Transportando tal exemplo para a teoria dos ecossistemas de Tansley, ela surgiu do pensamento freudiano sobre o funcionamento do cérebro e suas interligações elétricas, migrou para o funcionamento e equilíbrio da natureza (ANKER, 2001), e terminou por influenciar os movimentos de contracultura que idealizaram a internet (TURNER, 2006). Mas, ao que parece, em nenhum momento foi tentado readaptar tal teoria quando a área da

ciência onde ela seria utilizada mudava.

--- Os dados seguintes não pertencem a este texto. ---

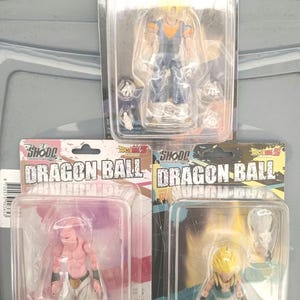 Puede incluir: Tres figuras de acci&oacute;n de Dragon Ball Z en embalaje de pl&aacute;stico transparente. Las figuras representan personajes con pelo amarillo y ropa azul, piel rosa y pantalones blancos, y ropa azul y naranja. Cada figura est&aacute; en una funda de pl&aacute;stico.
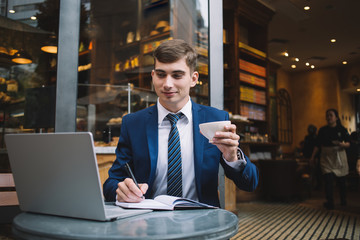 Young businessman enjoying coffee and taking notes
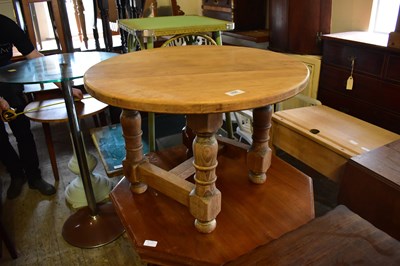 Lot 1030 - A modern pine coffee table, diameter of top 70cm.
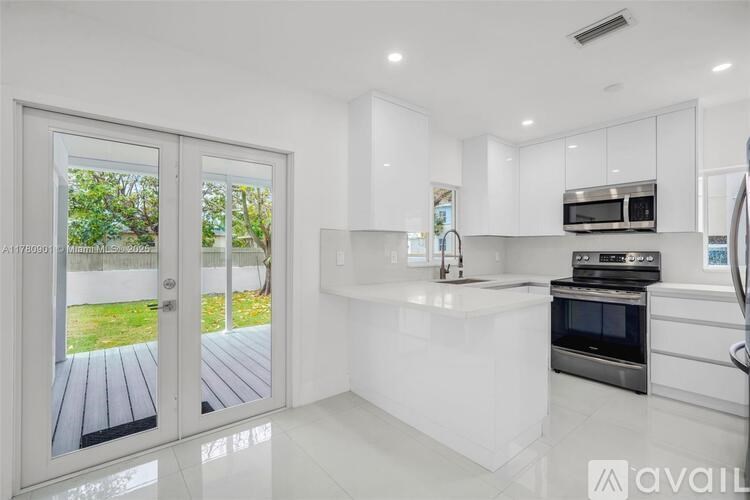 A modern kitchen with white cabinets and appliances, a large island, and a view of a deck through the sliding glass doors.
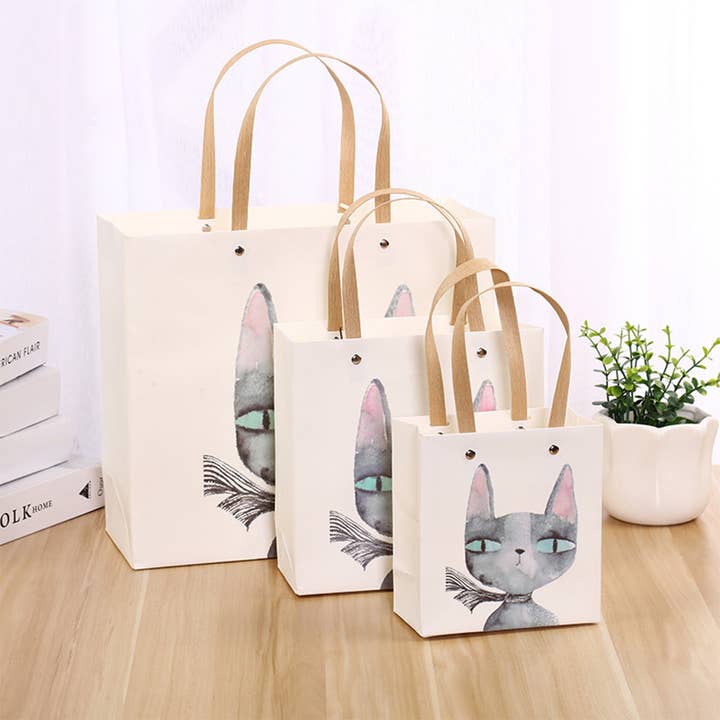 Beige INS STYLE SMALL FRESH CAT PAPER HANDBAG GIFT BAG_CWMM1036 for wholesale on Faire7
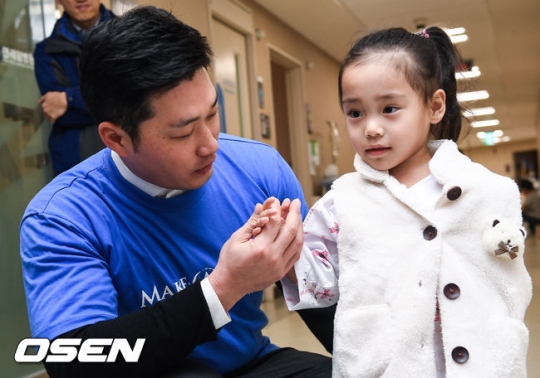 12월 21일 서울 신촌 세브란스 병원 소아암병동에서 오승환이 소아암 환아의 손을 만지며 인사를 하고 있다.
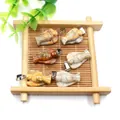 Natural carved gemstone angel pendants with silver clasp in various earthy tones - Crazy Agate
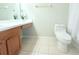 Bright bathroom featuring a toilet, tile floors, and a vanity with artificial flowers at 11622 Declaration Dr, Tampa, FL 33635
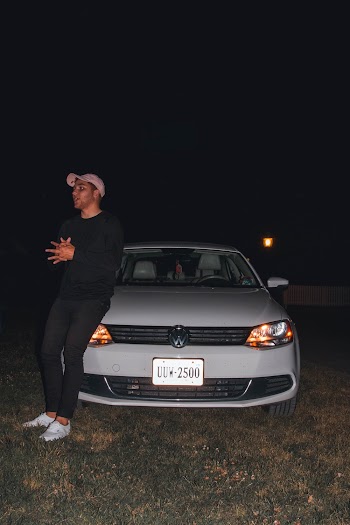 Man Leaning On White Volkswagen Vehicle At Night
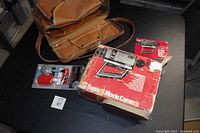 Camera with original packaging box, camera case, and accessories on table.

Com isso tivemos um mesmo conceito servindo de formas diferentes em diferentes áreas do conhecimento humano.

Entra aqui uma outra questão, colocada por Sfez (2002), quando trata da técnica, ou tecnologia, que o autor utiliza com o mesmo sentido, como explica no início do livro Técnica e Ideologia. Para ele, “de objeto do discurso, a técnica torna-se o discurso do objeto” (SFEZ, 2002, p. 17). Se pensarmos nas consequências dessa afirmação na relação com aquilo que foi apresentado até o momento em nossa dissertação, podemos notar que, de fato, o que ocorreu foi que a técnica tornou-se o discurso dos objetos, sejam eles a ecologia ou a sociedade.

E, continua, colocando que a técnica acabou por tornar-se serva-dominadora da política (SFEZ, 2002). Em outras palavras, para o filósofo francês, houve uma inversão dos papéis e é a técnica quem dita o que será feito na política. Ela apaga a política e se coloca como verdade absoluta. Podemos observar essa sobreposição na narrativa que fizemos até agora, onde temos os sujeitos apagados e um foco latente na tecnologia e na tentativa de afastar intervenções humanas de resultados e dos processos.

A crítica que fazemos aqui, e que também é o foco de Sfez, é que mesmo parecendo algo isento e fora da ideologia, a técnica, ou tecnologia, também está inserida nela, não escapando de seus rituais, e, consequentemente, das falhas que nos fala Pêcheux, conforme citado acima.

Ou seja, mesmo com as tentativas de afastar técnica e sujeito, técnica e política, ou técnica e político, ela sempre será determinada pela ideologia, ainda que não seja sabido por quem elabora suas premissas e procedimentos. Isso ficará melhor entendido conforme dermos prosseguimento ao nosso trabalho.